Tout près de l’étang de Lers, en Ariège, plusieurs personnes s’équipent de combinaisons et de casques au bord de la route. Des spéléologues du Haut-Sabarthès et des géologues venus de toute la France, de Slovaquie et des États-Unis, se sont donné rendez-vous, ce matin-là, pour une grande première : une expédition scientifique dans le gouffre Georges.

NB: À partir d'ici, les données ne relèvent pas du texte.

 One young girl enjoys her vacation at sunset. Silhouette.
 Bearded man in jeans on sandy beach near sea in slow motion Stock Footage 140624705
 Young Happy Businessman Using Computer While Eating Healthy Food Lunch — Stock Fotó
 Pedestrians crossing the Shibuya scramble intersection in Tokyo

Photo 3D avec un outil laser
«Chacun aura une tâche spécifique. Certains feront de la photo 3D avec un outil laser, et d’autres, des géologues, étudieront les contacts entre les deux types de roches présentes ici : les lherzolites, qui sont des roches du manteau, et les marbres, explique Éric Ferré, professeur au département de géologie de l’université de Louisiane, à Lafayette, aux États-Unis. Le gouffre Georges est le seul endroit où l’on peut voir ça. Il constitue un enregistrement unique de la manière dont se sont formées les Pyrénées, et au-delà, de comment les continents bougent sans magma pour fondre la roche. C’est une tectonique différente, avec moins de chaleur».

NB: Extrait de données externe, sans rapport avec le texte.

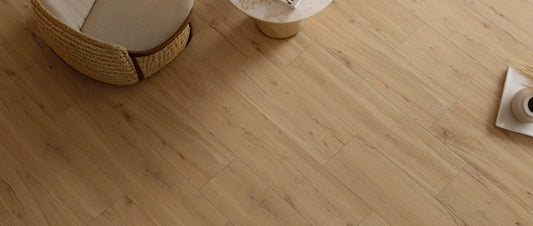 Oak wood effect porcelain tile floor in 30x120 cm plank format, laid in a contemporary living room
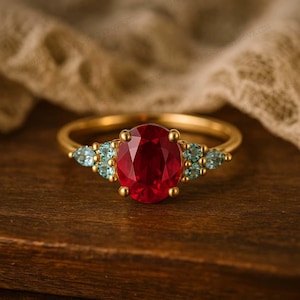 K&ouml;nnte beinhalten: Ein goldener Ring mit einem gro&szlig;en, oval geschliffenen Rubin als Mittelstein, flankiert von kleineren, hellblauen, birnenf&ouml;rmigen Edelsteinen. Der Ring liegt auf einer Holzoberfl&auml;che, die die leuchtenden Rot- und Blaut&ouml;ne zeigt.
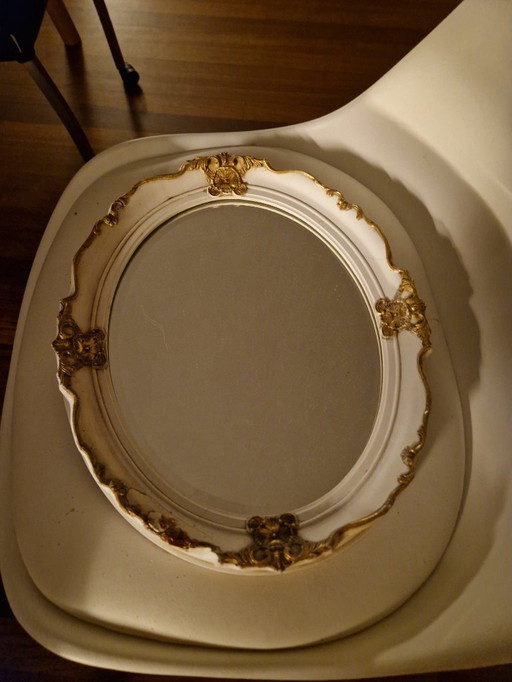 Antique, oval wall mirror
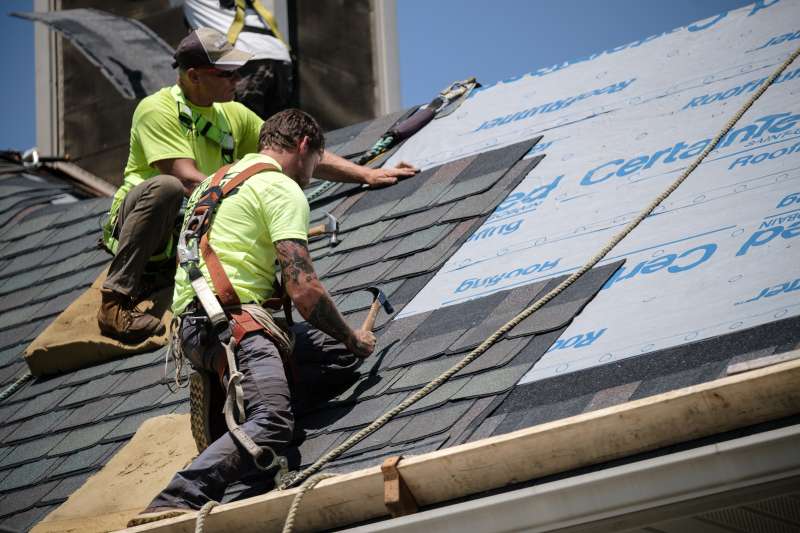 Workers on a roof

Après quelques minutes d’ascension sur les pentes du mont Béas, dit «La Pique», le groupe arrive à l’entrée d’un tube d’un mètre de diamètre, installé en 1986 par Robert Guinot et le Spéléo Club du Haut-Sabarthès : «C’est une entrée majeure pour accéder au réseau du gouffre, car elle nous permet d’arriver sur les parties remarquables du site, comme la salle de la famine, très rapidement», explique le président du club, qui se félicite de la tenue de cette expédition. «Nous avons la chance d’encadrer une équipe de géologues, et avec eux, de comprendre les curiosités de ce massif. C’est une grande première, et on espère une suite avec des publications et une étude sérieuse sur le massif», confie le spéléologue. Sans ce dernier, Riccardo Asti, géologue et chercheur à l’université de Rennes 1, n’aurait pas pu prendre part à l’aventure : «On a pu très bien travailler même si certains, comme moi, n’avaient aucune expérience en spéléo. Samedi, c’était la première fois qu’on descendait dans le gouffre. C’était très excitant. On commence à voir des structures liées à la remontée du manteau des profondeurs de la Terre jusqu’ici. C’est une étude assez prometteuse», se réjouit le scientifique.
Huit heures sous terre
L’heure de quitter la surface sonne pour l’équipe. C’est parti pour environ huit heures sous terre, par une température de 5 °C et une pente à 45°, à 190 mètres de profondeur. Un par un, un pied après l’autre sur la petite échelle, les mains serrées autour de la corde, spéléologues et géologues s’engouffrent dans l’étroit tube, duquel s’échappe un fort courant d’air froid. À leur remontée, et après plusieurs mois d’analyse des échantillons recueillis, les scientifiques feront, peut-être, faire avancer d’un grand pas les sciences de la Terre.